Amid higher US tariffs on India because of Russian oil, centre-owned Hindustan Petroleum Corp. Ltd. said that there is no direction from the government to buy or stop Russian oil intake. This comes after market speculations about state-owned oil refiners pulling back from purchases of Russian crude oil. However, chairman Vikas Kaushal said that the company is scouting for alternative crudes to protect itself if it were to stop buying Russian oil due to higher prices and sanctions. The chairman said that while there was no official directive from the government regarding the purchase of Russian oil, HPCL’s Russian oil intake in the June quarter fell to 13.2% due to narrowing discounts. “It’s not because of any geopolitical reason. It was an economic decision based on what we needed to run in our refineries,” he added. HPCL remains open to buying Russian oil if it becomes competitively priced again, he said, adding the company would be able to absorb the financial loss for not processing Russian oil as it has already cut its Russian oil processing. US President Donald Trump has announced an additional 25% duty on imports from India due to its oi business with Russia after an earlier announced 25% tariff. There are major speculations about companies including Indian Oil Corp., Bharat Petroleum Corp. and Hindustan Petroleum Corp. planning to skip spot purchases of the crude in the upcoming buying cycle, until there’s clear government guidance. Trump’s recent tariff announcements have created wide-ranging uncertainties in the Indian oil market.

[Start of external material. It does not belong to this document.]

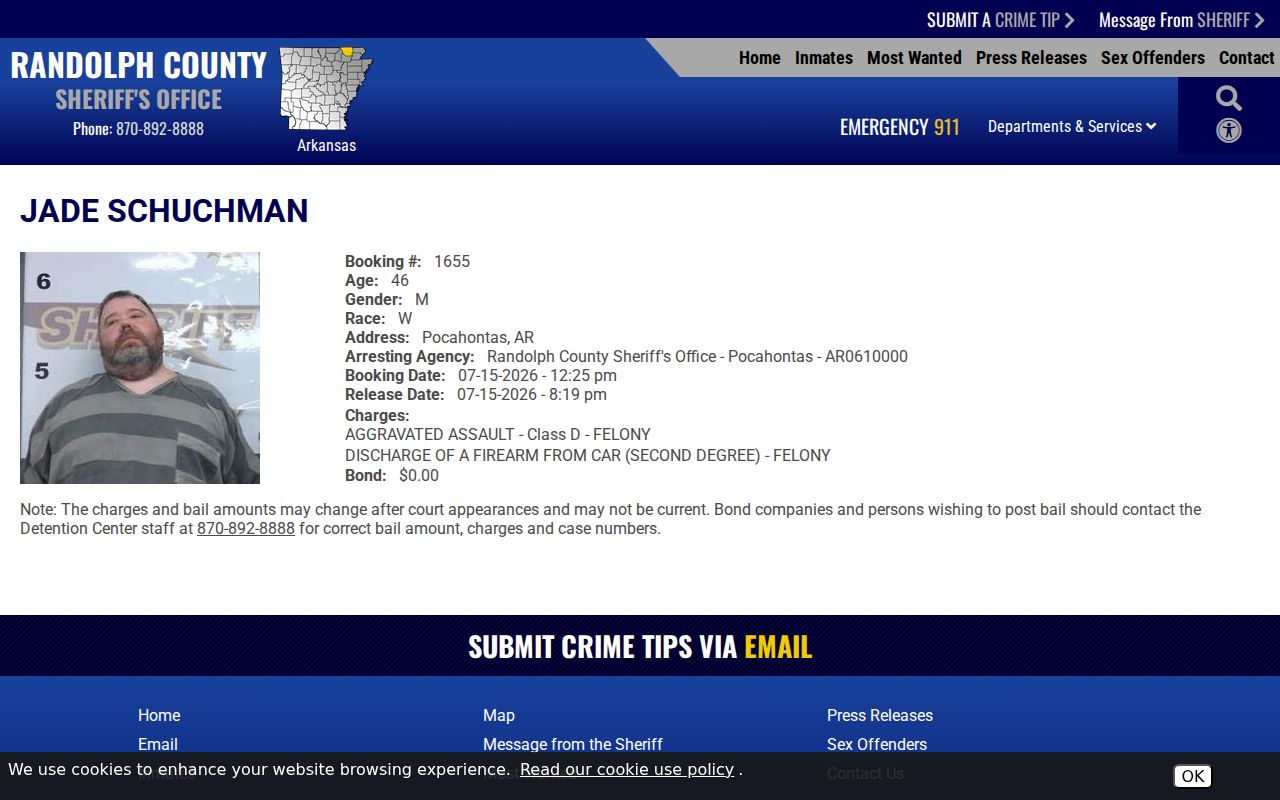 Randolph County arrest record booking profile field layout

India’s fuel bill may rise by $9 bn in FY26 and $12 bn in FY27, if it stops Russian oil imports: SBI

India’s crude oil import bill could increase by USD 9 billion to USD 12 billion, if the country stops buying Russian crude oil, according to a report by the State Bank of India (SBI). The report noted that if India halted oil imports from Russia for the rest of FY26, the fuel bill might increase by USD 9 billion in FY26 and USD 11.7 billion in FY27 due to increase in prices. SBI stated “if India stopped oil imports from Russia during the rest of FY26, then India’s fuel bill might increase by only USD 9 billion”. Russia currently accounts for 10 per cent of the global crude supply. If all countries stopped buying from Russia, crude oil prices could rise by around 10 per cent, provided no other countries increase their production. India substantially increased purchasing of Russian oil since 2022, which was sold at a discount, capped at USD 60 per barrel, to ensure energy security after Western nations imposed sanctions on Moscow and avoided its supplies following the invasion of Ukraine. As a result, Russia’s share in India’s total oil imports surged from just 1.7 per cent in FY20 to 35.1 per cent in FY25, making Russia India’s largest oil supplier. In volume terms, India imported 88 million metric tonnes (MMT) of crude from Russia in FY25, out of its total oil imports of 245 MMT. Before the Ukraine war, Iraq was India’s top crude supplier, followed by Saudi Arabia and the United Arab Emirates (UAE). Indian refiners generally source oil from Middle Eastern producers through annual contracts, which allow flexibility to request additional supplies each month. Since the imposition of sanctions on Russia, refiners have also turned to crude suppliers in the United States, West Africa, and Azerbaijan. India has further diversified its oil sources to about 40 countries. New supply options have emerged from Guyana, Brazil, and Canada, adding to the country’s energy security. If Russian supplies were cut off, India could shift back to its traditional Middle Eastern suppliers under existing annual deals, ensuring flexibility in meeting its import needs. The SBI report highlighted that while the potential increase in the import bill is significant, India’s diversified supply network and established contracts with other oil-producing nations may help cushion the impact. However, a rise in global crude prices due to reduced Russian exports would still put upward pressure on costs.